MILAN – "The only fear I remember having as a child was that I’d get a serious injury and compromise my future career."
Born in Milan in 1967, Paolo Mandelli was always convinced his life would inevitably end up in football. Towards the end of the 1970s, like many boys of his age, he’d spend day after day playing football in the local oratory. It was here in Milan that Inter scout Rino Confalonieri spotted him as an 11-year-old and brought him to the club’s attention.
Paolo spent nearly seven seasons at the Nerazzurri academy, where he found his best position as an attacking winger and consistently improved. Short of hair and fresh of face, Mandelli was stocky, pacey and blessed with enviable technique. His steady rise into Mariolino Corso’s Primavera side was a natural progression.
By the time the 1986 Viareggio Cup came around, however, Arcadio Venturi was in charge of Inter U19 as Corso had been called to replace Ilario Castagner at the first-team helm. The Primavera eased through to the semi-finals where they faced a Fiorentina line-up featuring Roberto Baggio.
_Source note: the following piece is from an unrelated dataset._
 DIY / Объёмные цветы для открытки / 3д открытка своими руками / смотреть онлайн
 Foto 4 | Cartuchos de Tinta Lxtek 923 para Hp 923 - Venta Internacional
A cagey affair was decided by Mandelli himself in the 61st minute and the rising star would go on to share the leading goalscorer award at the tournament with Genoa’s Roberto Simonetta.
Two days later, Mandelli was part of the team that beat Gianluca Pagliuca’s Sampdoria in the final thanks to a penalty by Andrea Zanuttig, thus securing the club’s third triumph at the famous youth-team competition.
His starring role at the Viareggio Cup earned Mandelli a crack at the first team. His senior debut came on 16 March 1986 against Napoli at the Stadio San Paolo. For just over ten minutes, he stood shoulder-to-shoulder with the likes of Giuseppe Bergomi, Alessandro Altobelli and Diego Maradona.
The 1985/86 season changed Mandelli’s life drastically and the dreams of a young lad discovered at an oratory were beginning to come true. On 21 May 1986, he came off the bench in the return leg of a quarter-final Coppa Italia tie against Roma and produced a magnificent solo effort to score his first goal for Inter.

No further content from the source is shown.